Bit level operations, get a bit from a short value

Question

I'm trying to get the following result 00000000000000101 from this input 5.

This my code and it doesn't make sense:

public static int get16Bits(int x)
    {
        System.out.println((x & 0xffff) - ((x & 0x8000) << 1));
        return (x & 0xffff) - ((x & 0x8000) << 1);

    }

How i can get the 16bits of integer value?

Answer 1

Try changing your return statement a bit:

    public static String get16Bits(int x)
    {
        return (String.format("%016d", Integer.parseInt(Integer.toBinaryString(x))));

    }

This should help you.

Answer 2

We can try this code below, we will use for loop :

public void getBits(int number){

      String bits = "";
      for (int i = 0; i < 16; i++) {
          bits = (number & 1) + bits;
          number >>= 1;
      }
      System.out.println("The bits are " + bits);
  }

Answer 3

The first part is self-explanatory: the upper 16 bits are removed with & 0xffff masking.

Subtracting (x & 0x8000) << 1 is a trick that keeps the proper sign of the 16-bit number in the 32-bit result: for example, 0xffff, a -1 in 16-bit representation, gets converted to 0xffffffff, which is also -1 in 32-bit representation. This is better than using a conditional, because it is branch-free.

Another trick that you could use is

(((x & 0xFFFF) << 16) >> 16)

This lets the sign bit of 16-bit number "touch" the sign bit of 32-bit number, letting the right shift to sign-extend the result.
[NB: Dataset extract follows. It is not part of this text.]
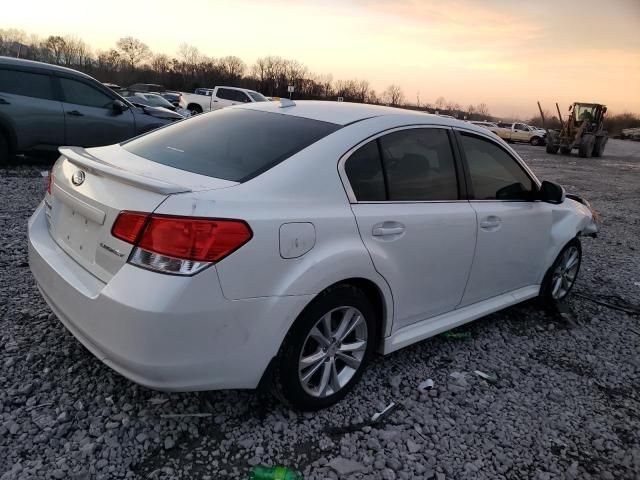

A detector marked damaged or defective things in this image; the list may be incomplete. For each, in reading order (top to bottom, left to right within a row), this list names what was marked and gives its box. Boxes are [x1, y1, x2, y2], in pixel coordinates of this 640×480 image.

damaged white car [27, 100, 596, 408]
Note: If you are looking for a binary String representation of the number, only x & 0xffff masking is necessary, because the upper 16 bits are dropped from the string result anyway. This Q&A explains how to obtain a binary representation of an integer with the appropriate number of leading zeros.

Answer 4

Try below :

String.format("%16s", Integer.toBinaryString(5)).replace(' ', '0')